Task statement:
Lines holding the string "Shirt" are the ones to copy from this listing.

Extracted information:
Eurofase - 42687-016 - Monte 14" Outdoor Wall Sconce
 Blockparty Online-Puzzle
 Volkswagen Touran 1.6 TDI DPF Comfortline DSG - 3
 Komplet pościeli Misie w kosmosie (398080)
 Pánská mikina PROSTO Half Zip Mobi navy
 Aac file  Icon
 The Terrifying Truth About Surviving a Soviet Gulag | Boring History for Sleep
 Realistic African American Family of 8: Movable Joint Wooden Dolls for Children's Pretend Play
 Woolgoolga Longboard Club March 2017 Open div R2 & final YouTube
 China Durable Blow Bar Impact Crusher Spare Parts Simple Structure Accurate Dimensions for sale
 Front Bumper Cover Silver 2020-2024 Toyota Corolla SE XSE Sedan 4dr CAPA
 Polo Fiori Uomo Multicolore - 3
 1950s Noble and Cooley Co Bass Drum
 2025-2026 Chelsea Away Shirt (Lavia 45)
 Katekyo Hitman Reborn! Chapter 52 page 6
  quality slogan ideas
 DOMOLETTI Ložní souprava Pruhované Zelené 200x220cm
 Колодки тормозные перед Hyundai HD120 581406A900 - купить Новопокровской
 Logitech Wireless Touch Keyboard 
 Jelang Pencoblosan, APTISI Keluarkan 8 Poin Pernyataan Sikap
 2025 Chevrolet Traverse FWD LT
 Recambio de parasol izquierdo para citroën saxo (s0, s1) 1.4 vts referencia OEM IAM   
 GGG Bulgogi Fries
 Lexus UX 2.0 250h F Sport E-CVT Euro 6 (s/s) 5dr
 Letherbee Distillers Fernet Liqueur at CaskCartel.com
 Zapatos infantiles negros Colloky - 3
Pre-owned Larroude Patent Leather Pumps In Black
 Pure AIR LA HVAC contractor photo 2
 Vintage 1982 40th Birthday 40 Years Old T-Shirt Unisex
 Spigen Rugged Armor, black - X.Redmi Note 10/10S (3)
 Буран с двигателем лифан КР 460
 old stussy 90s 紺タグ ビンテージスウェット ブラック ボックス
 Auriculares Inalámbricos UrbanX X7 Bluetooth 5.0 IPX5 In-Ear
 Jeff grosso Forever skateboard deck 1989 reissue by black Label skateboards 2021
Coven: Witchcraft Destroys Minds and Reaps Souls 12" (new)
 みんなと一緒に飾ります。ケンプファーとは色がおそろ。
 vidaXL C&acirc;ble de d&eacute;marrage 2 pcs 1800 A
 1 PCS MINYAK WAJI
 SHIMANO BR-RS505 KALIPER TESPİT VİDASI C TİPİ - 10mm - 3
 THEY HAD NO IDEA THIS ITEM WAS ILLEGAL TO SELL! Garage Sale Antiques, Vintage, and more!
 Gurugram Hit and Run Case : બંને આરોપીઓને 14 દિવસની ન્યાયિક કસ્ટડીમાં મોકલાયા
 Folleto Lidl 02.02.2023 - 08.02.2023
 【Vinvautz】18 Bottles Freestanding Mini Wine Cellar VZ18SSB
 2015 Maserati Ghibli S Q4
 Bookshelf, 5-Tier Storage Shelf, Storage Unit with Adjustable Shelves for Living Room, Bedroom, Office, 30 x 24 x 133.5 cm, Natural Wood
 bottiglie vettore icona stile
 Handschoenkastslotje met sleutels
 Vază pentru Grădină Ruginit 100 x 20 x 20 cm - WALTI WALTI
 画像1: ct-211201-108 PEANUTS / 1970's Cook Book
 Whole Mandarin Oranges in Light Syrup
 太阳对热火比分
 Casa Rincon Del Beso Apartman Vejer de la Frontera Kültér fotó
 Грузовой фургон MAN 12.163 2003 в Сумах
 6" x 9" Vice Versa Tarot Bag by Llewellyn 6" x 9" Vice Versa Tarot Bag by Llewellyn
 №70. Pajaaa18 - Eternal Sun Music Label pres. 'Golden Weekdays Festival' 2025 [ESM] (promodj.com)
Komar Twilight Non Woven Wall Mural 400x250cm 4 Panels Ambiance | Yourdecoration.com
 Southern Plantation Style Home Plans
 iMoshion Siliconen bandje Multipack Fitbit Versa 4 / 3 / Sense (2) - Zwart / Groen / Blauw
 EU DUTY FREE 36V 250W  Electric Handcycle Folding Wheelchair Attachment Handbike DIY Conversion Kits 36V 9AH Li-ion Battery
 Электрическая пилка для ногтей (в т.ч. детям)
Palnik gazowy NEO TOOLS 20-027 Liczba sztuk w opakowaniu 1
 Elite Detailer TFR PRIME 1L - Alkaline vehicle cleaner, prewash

Answer section:
 2025-2026 Chelsea Away Shirt (Lavia 45)
 Vintage 1982 40th Birthday 40 Years Old T-Shirt Unisex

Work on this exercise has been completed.